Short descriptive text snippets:

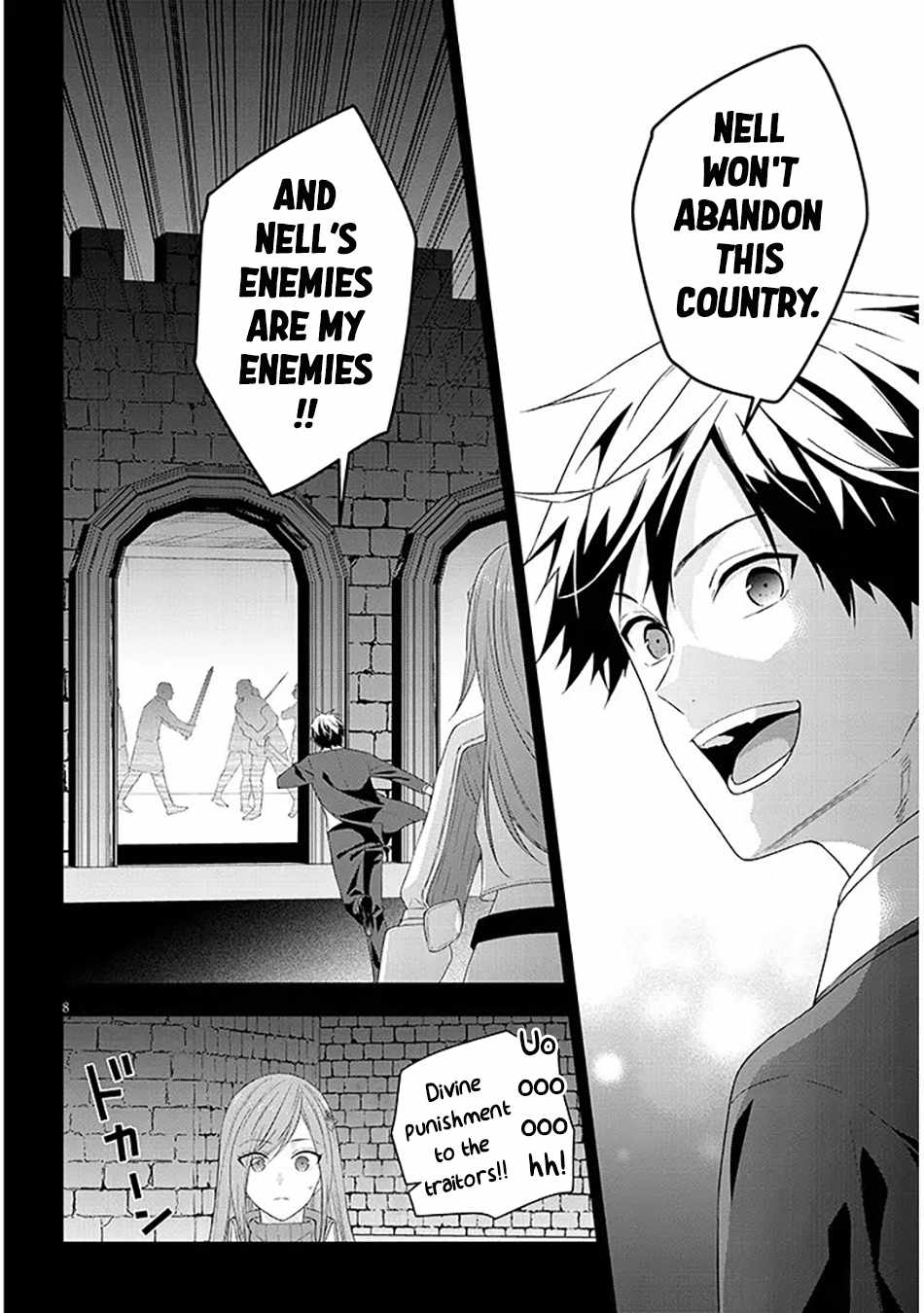Maou ni Natta node, Dungeon Tsukutte Jingai Musume to Honobono suru Chapter 88-eng-li - Page 8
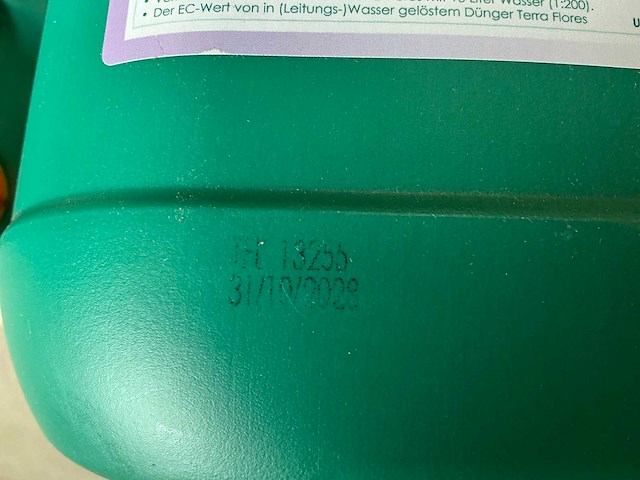 Canna terra flores plantenvoeding - 5l (7x) - afbeelding 4 van  5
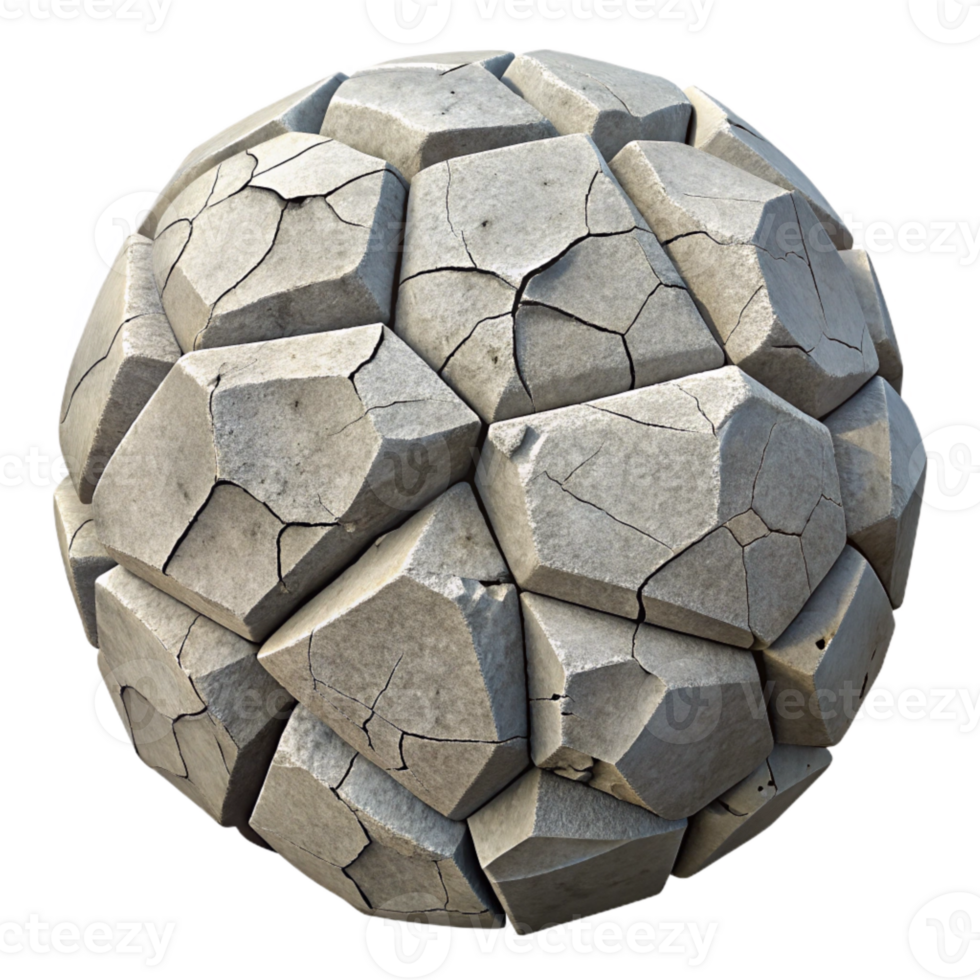 extraordinary abstract Cracked Concrete Texture Seamless Tileable Isolated for Architectural Visualization professional png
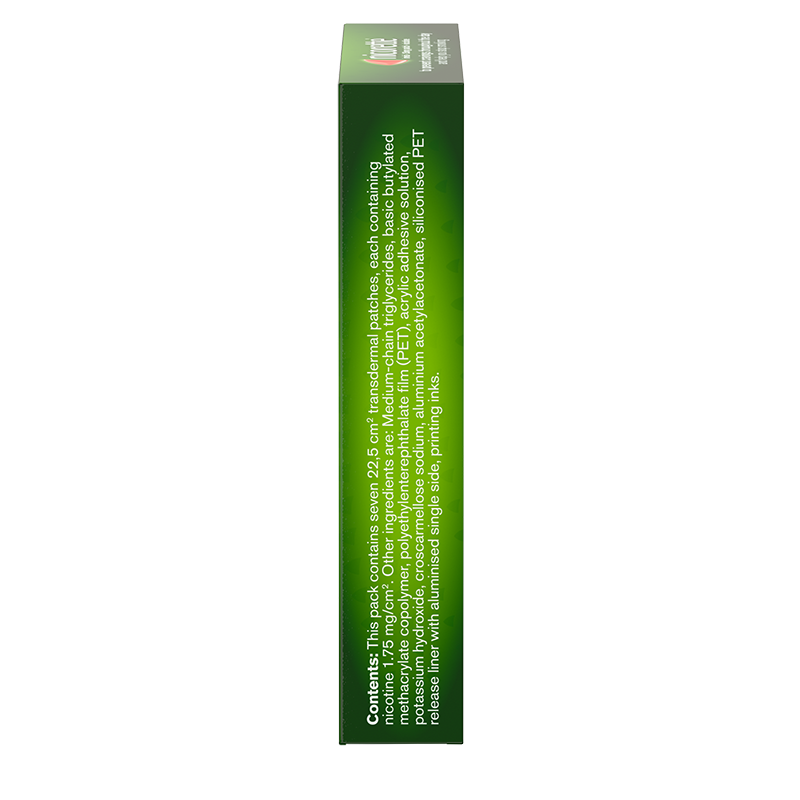 NICORETTE® Invisi 25mg Patch 7s - Side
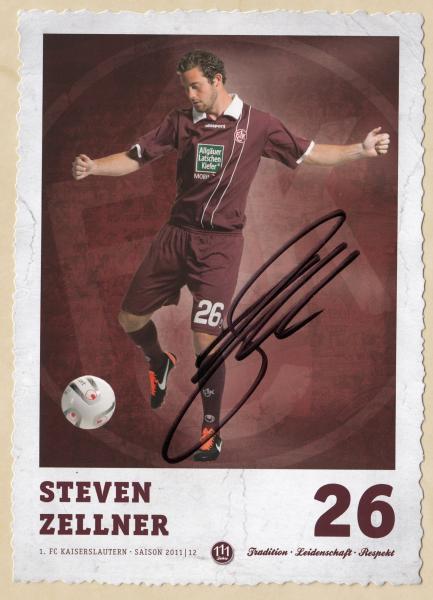 Zellner, Steven - 1.FC Kaiserslautern (2011/12)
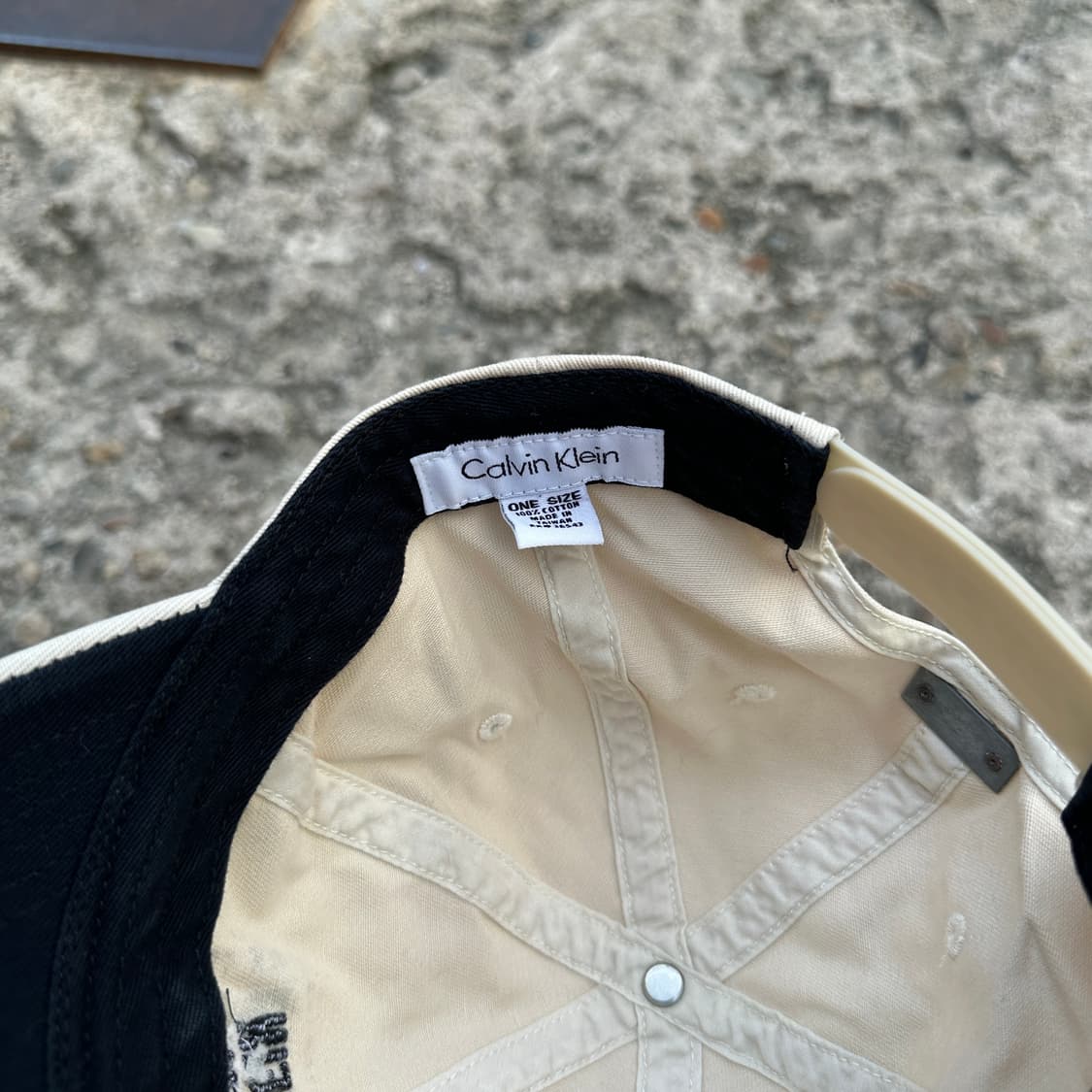 vintage calvin klein cap 상품이미지4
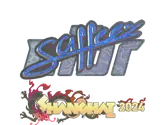 Sticker | saffee (Holo) | Shanghai 2024 image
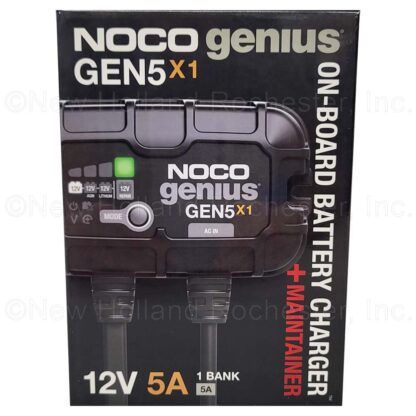 On-Board 12V Battery Charger Part # GEN5X1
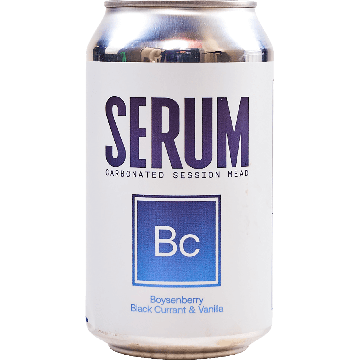 Serum: Black Currant / Boysenberry / Vanilla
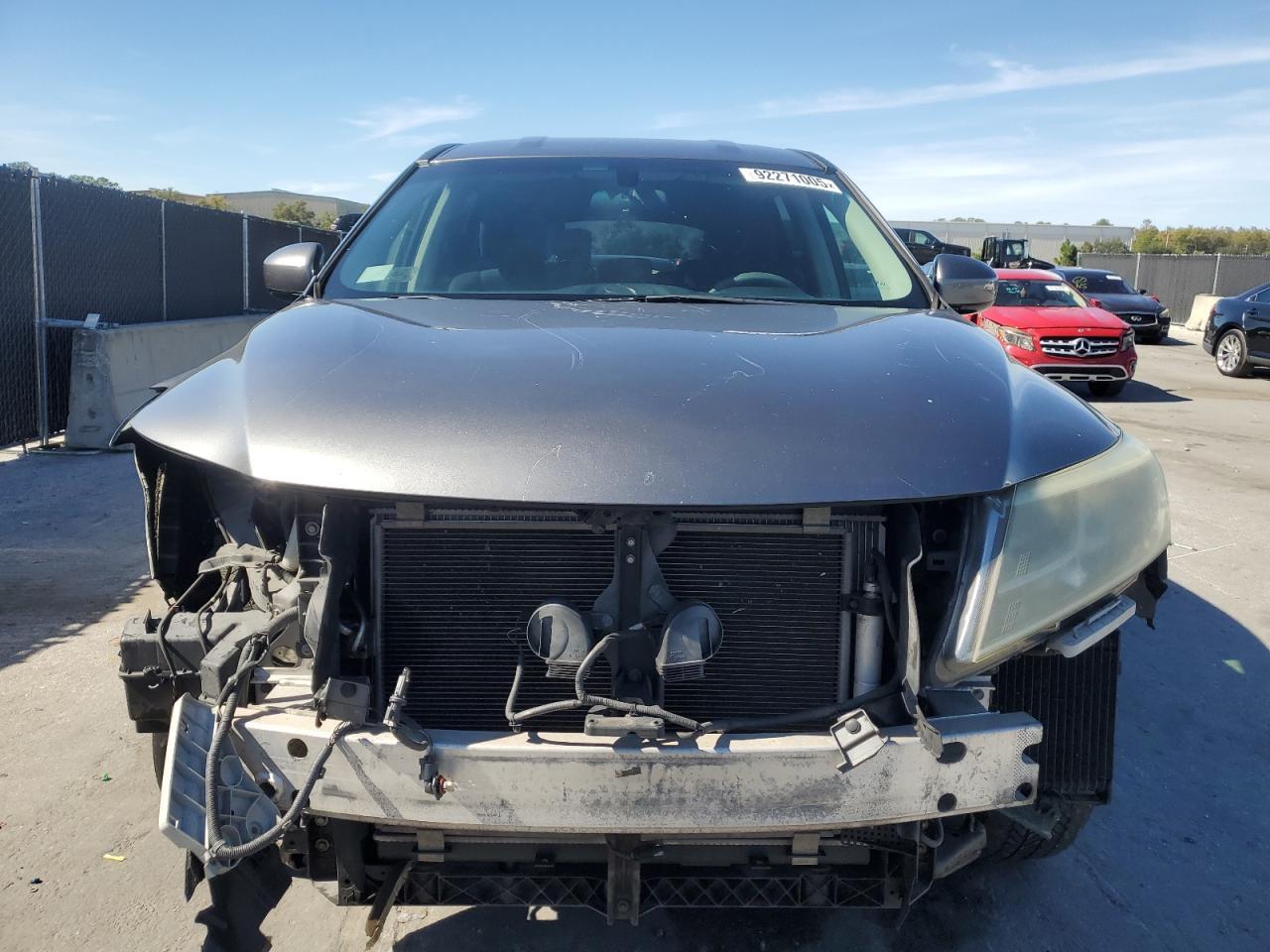 2015 NISSAN PATHFINDER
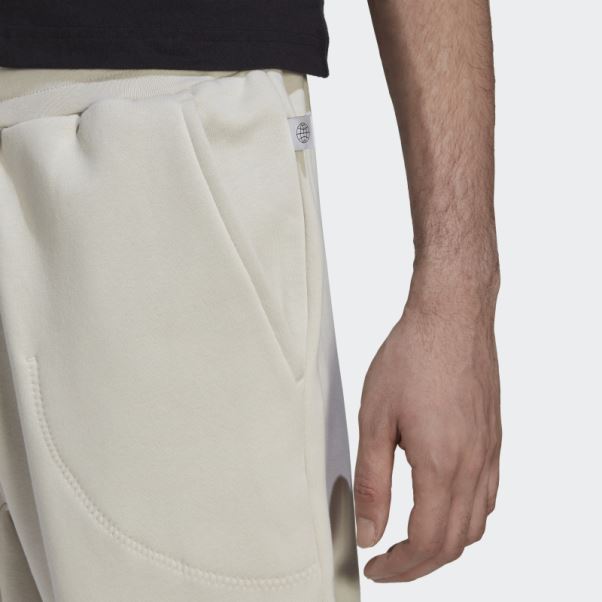 Pantalon En Molleton Studio Lounge Aluminium Adidas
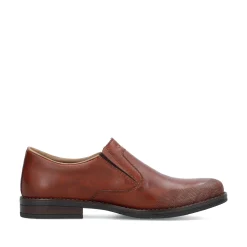 Rieker Herren Slipper kastanienbraun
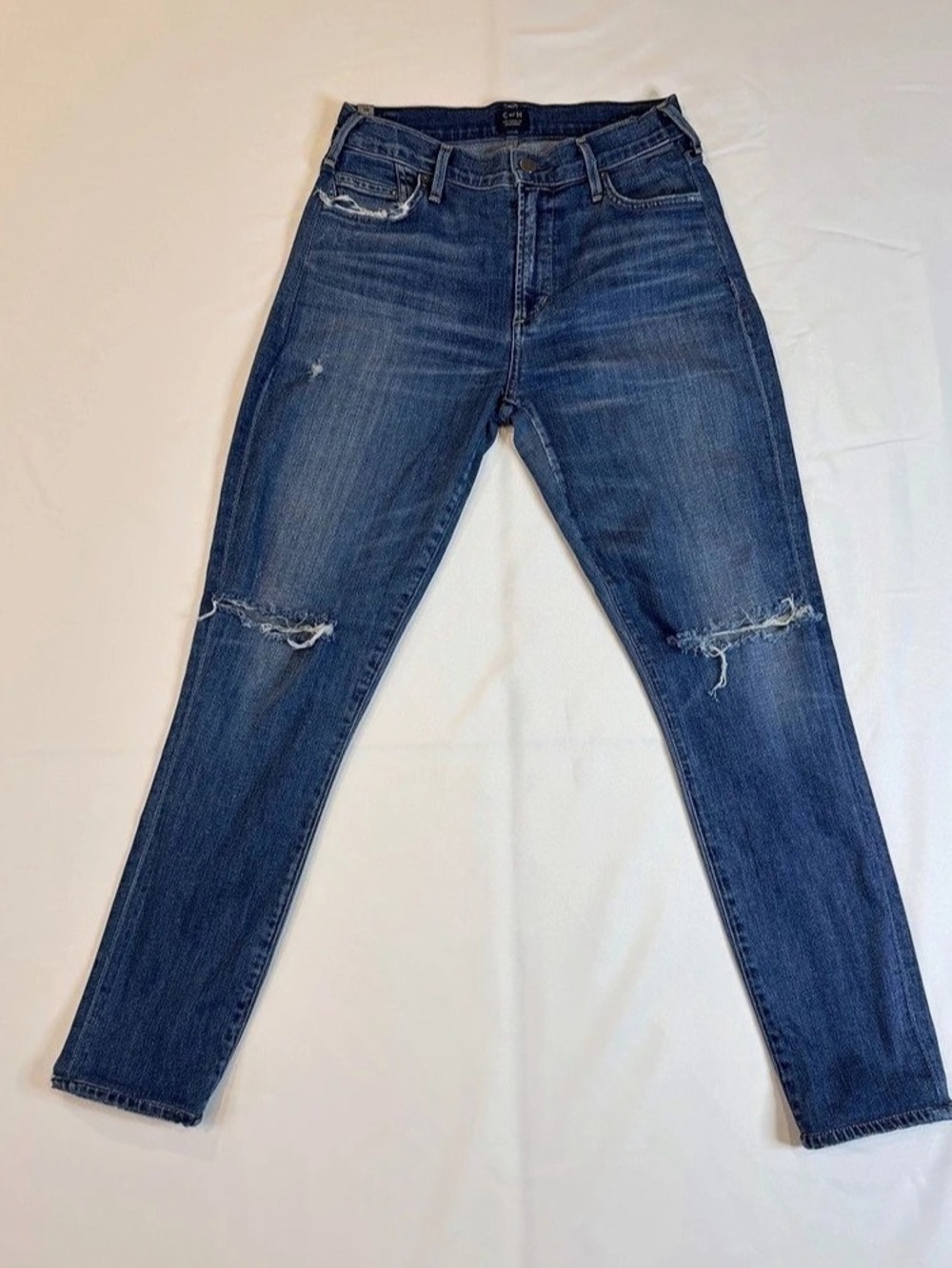 Citizens of Humanity Rocket High Rise Skinny Jeans – Medium Wash – Size 28 - Picture 2 of 9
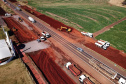 Duplicação da BR-277 em Cascavel  -  Cascavel, 02/08/2021  -  Foto: José Fernando Ogura/AEN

> [Your task]:
The images in the entries above should be left out; please reproduce exactly the lines from the first through the one containing "Sticker | saffee".

> [The answer]:
Maou ni Natta node, Dungeon Tsukutte Jingai Musume to Honobono suru Chapter 88-eng-li - Page 8
 Canna terra flores plantenvoeding - 5l (7x) - afbeelding 4 van  5
 extraordinary abstract Cracked Concrete Texture Seamless Tileable Isolated for Architectural Visualization professional png
 NICORETTE® Invisi 25mg Patch 7s - Side
 Zellner, Steven - 1.FC Kaiserslautern (2011/12)
 vintage calvin klein cap 상품이미지4
 Sticker | saffee (Holo) | Shanghai 2024 image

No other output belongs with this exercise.